• _Exercise inputs_

------

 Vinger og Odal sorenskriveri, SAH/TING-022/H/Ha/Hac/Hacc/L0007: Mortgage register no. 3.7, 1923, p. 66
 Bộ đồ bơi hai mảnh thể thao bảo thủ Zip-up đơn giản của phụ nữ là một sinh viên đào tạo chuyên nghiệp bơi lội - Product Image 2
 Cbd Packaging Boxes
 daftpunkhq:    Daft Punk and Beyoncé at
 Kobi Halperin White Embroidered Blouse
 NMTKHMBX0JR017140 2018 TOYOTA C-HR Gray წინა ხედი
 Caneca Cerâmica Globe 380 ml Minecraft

------

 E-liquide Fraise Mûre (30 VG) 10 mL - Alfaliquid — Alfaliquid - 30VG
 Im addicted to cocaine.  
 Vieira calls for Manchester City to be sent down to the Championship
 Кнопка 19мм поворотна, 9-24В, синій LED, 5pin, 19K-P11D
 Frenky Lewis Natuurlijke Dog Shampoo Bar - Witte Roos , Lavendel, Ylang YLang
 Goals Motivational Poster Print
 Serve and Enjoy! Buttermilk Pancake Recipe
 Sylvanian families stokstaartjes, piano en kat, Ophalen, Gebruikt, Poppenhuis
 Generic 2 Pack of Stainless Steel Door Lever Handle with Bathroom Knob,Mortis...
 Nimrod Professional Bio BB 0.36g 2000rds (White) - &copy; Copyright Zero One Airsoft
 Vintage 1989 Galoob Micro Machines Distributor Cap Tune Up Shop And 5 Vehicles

------

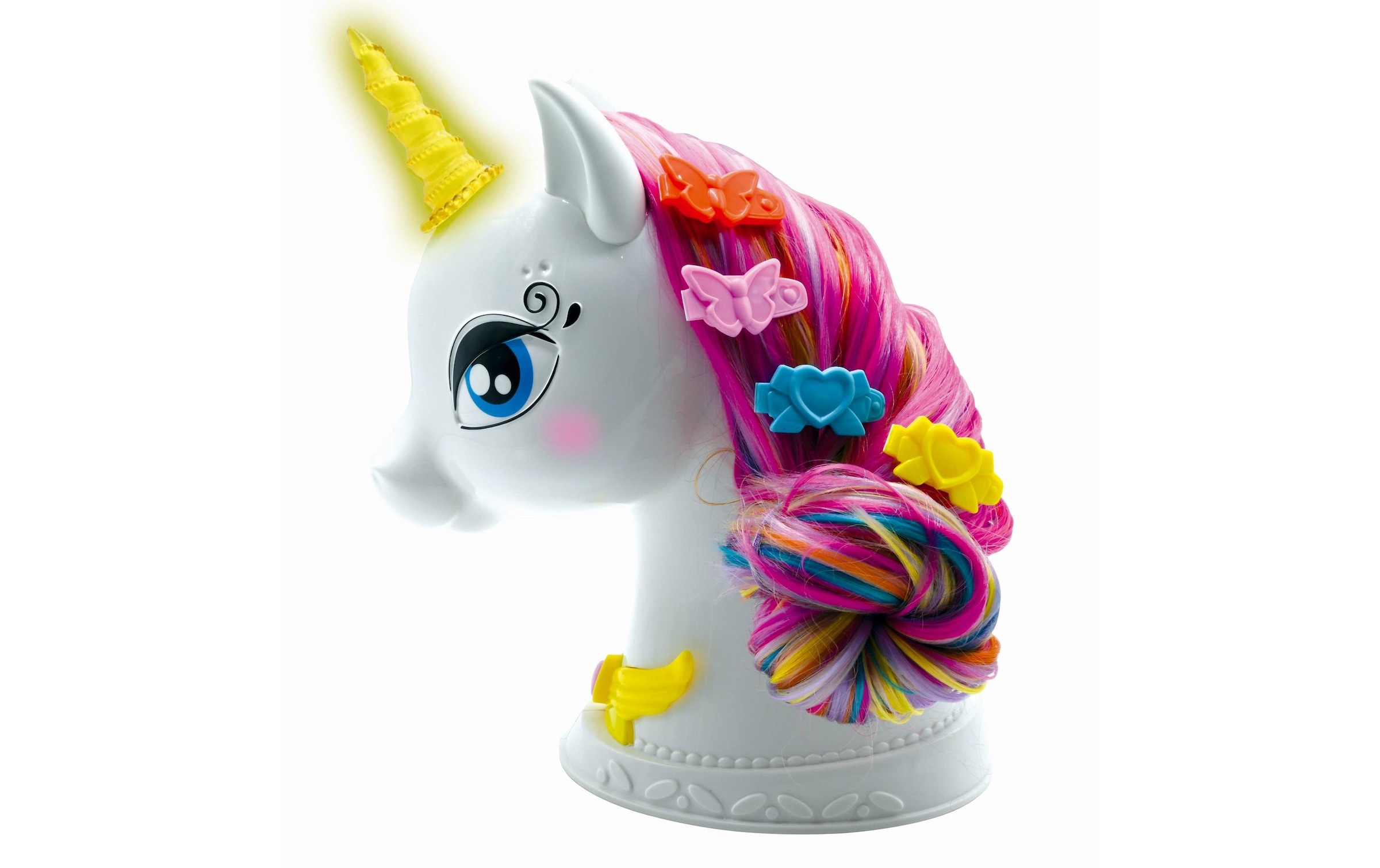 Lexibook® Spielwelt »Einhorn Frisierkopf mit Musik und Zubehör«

------

• _What is being asked_
For each line in the data that holds the word "White", copy the line.

• _Solution to the exercise_
 Kobi Halperin White Embroidered Blouse
 Nimrod Professional Bio BB 0.36g 2000rds (White) - &copy; Copyright Zero One Airsoft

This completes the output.